When Samatha sent over this Lemon and Kalamata White Bean Artichoke Hummus I was first, scrounging around in my pantry for the items (which I had, score!), second, thinking about saying that five times fast, and third, intrigued. I’m always curious about non-traditional hummus recipes as opposed to the authentic hummus which is chickpea based with lemon and olive oil.
Tahini, surprising to many, is not a traditional ingredient in hummus. The addition of tahini (and omission of olive oil) makes it hummus bi tahini, an entirely different type of hummus. And that my friends is your “something new” for the day, unless of course you already knew that and skipped this paragraph. Well anyhow, we used tahini in this recipe over olive oil, we tried it both ways and the tahini was the clear winner.
And man did this recipe whip us up into a tahini frenzy. I’ve always enjoyed the nutty-flavor of tahini, but I think this time around being homebound for a while really got us thinking of ways in which to use up all of our resources. So, get ready to use up that can or jar, whatever you bought, of tahini, because we’re on a roll–stay tuned for more hummus and dressing tahini inspired recipes soon!
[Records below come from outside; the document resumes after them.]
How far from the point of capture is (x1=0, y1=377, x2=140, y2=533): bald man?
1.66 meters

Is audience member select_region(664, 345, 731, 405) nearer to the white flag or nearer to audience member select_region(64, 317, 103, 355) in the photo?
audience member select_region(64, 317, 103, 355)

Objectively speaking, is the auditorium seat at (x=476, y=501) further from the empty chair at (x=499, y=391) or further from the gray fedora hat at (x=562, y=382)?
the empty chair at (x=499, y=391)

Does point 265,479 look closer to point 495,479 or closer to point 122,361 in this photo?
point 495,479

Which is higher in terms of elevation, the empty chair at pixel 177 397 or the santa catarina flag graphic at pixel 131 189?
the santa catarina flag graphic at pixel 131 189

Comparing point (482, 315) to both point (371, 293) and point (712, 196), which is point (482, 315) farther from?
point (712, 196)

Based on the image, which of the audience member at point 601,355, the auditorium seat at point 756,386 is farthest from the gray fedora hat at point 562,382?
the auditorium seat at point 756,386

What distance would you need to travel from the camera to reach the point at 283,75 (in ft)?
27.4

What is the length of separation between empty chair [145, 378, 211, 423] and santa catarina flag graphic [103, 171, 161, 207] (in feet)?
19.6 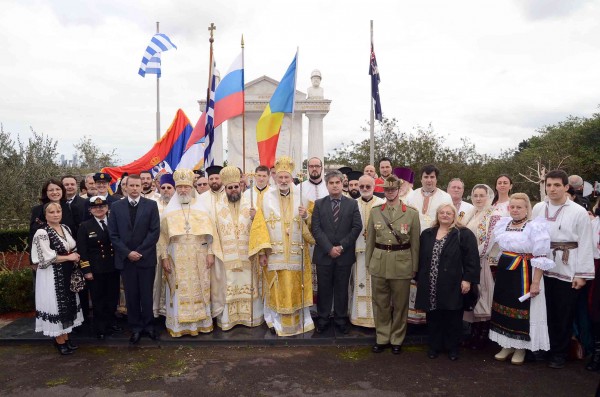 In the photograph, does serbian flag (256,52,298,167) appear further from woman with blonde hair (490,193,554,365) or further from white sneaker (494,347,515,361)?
white sneaker (494,347,515,361)

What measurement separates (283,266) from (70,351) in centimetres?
287

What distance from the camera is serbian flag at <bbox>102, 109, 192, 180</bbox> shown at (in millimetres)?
9977

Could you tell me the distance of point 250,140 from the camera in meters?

Making this was a true breeze. Want to know why? It’s a one step recipe again. We put everything in the food processor and let it do the work. I did scrape down the sides once and restart it, but I didn’t count that as a pain point (or step, hah) in the recipe. This white bean hummus is truly a keeper.
I served it with our baked pita chips, I went with the simple salt and pepper variety, though you can spice it up if you like. This hummus has so much flavor though, you can go with plain or salt and pepper pita chips and be completely satisfied with an intense lemon, kalamata, and artichoke flavor–they do really come punching through.
Another use, as a sauce. Authentic hummus has two main uses, as a dip or as a sauce, and here you can do the same thing. You could even make this into a killer sandwich!
Is hummus vegan?
Why yes, yes it is! This recipe is vegan. You should always check your labels of course, but everything we used and included in our recipe is 100% vegan. In most cases, hummus is vegan.
Can you freeze homemade hummus?
Can hummus be frozen? This is a popular question. The short answer is yes, yes it can. Most store bought hummus is ready to freeze and ready to thaw. Homemade hummus, however, has a little extra work that may need to go into it. You may find yourself needed to add a little tahini in this case (or olive oil in the traditional recipes) and elbow grease (ie. stirring) once the thawing takes place, to get this hummus back up to snuff.
We strongly recommend eating it fresh for this recipe as the texture and consistency will always be best. In this case, fresh is best!
How long does homemade hummus last?
We recommend eating your hummus within three days of making it. This is the freshest your hummus will be. We also recommend storing it in the refrigerator, covered tightly or in an airtight food storage container.
Please leave us a rating in the recipe card, and if you have a comment about the recipe, please feel free to share it with us–we love hearing from you!
Lemon and Kalamata White Bean Artichoke Hummus
- 15.5 ounces white beans rinsed and drained
- 14 ounces artichoke hearts quartered, drained well
- 16 kalamata olives pitted
- 1/4 cup lemon juice
- 2 tablespoons tahini
- 3 teaspoons parsley
- 1/2 teaspoon sea salt
- 1/4 teaspoon white pepper
- 1/8 teaspoon roasted garlic powder
- 1/8 teaspoon red pepper flakes optional
- Combine all ingredients in a food processor and process until smooth, scraping sides as needed. Store in the refrigerator in an airtight food storage container or covered well.
- Serve with baked pita chips.
- Hummus will last up to three days in the refrigerator.
- Substitute regular garlic powder if you don’t have roasted.